In a move they're describing as "extraordinary" and "unprecedented," Ontario Provincial Police will send text messages to about 7,500 people on Thursday to ask for information about an unsolved homicide.

Investigators are calling it a "digital canvass" — the high-tech equivalent of knocking on thousands of doors for information.

The police are utilizing "dumps" from cell towers in the area to obtain these phone numbers. And that's all they've obtained, apparently. Using the list of connected phones in the area at the time of the murder, the police are sending text messages asking recipients to fill out a website questionnaire to help police find the killer.

As much as this might seem like an intrusion, it's probably preferable to the alternative: sending out dozens of officers to question potentially thousands of witnesses. Obviously, it works out well for the police. But it also works out for citizens. Nothing obliges anyone to respond to the unsolicited texts and answering a few questions on a website is far less annoying than being questioned at home by officers peeking through open doors to see if they can spot anything resembling indicia of criminal activity. Why make the entire day a waste? Why not make a few ancillary arrests while investigating an unrelated crime?

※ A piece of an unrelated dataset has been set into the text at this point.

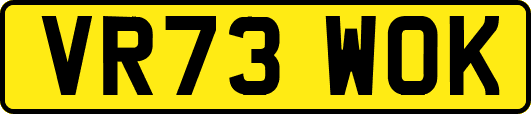 VR73WOK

Unfortunately, it appears ignoring the message (or sending back "UNSUBSCRIBE") isn't going to keep the cops from using your phone for their communications.

Investigators will also consider calling the numbers of people who don't respond voluntarily, but they would be required to obtain another court order to do so.

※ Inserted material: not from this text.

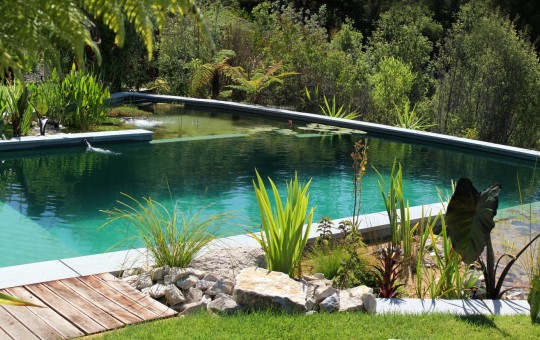 Natural Pool, Kaiteriteri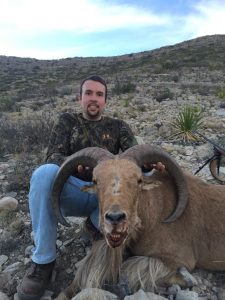 aoudad11(frank)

The other troubling aspect is that the police obviously have no interest in destroying the phone data they've collected. It appears this will be held onto until the investigation is closed, even though the majority of the harvested numbers -- if not all of them -- will have zero relevance to the investigation other than their proximity to the crime scene.

The police have stressed that responses are completely voluntary, but the plans for follow-up calls suggest the opposite. On the plus side, if someone doesn't want to speak to a cop, getting removed from the list is as simple as filling out a few questions on a website. No details were provided as to how much personal information respondents will have to turn over, though, so this exercise in government efficiency could become just another data-harvesting method. If not subjected to strict controls, any names collected could be run through criminal record databases in hopes of finding active warrants or unpaid fines. If so, it will be tempting to handle more investigations through tower dumps, text messages, and website questionnaires -- what with all the extra arrests and revenue generation that may result from bulk texting.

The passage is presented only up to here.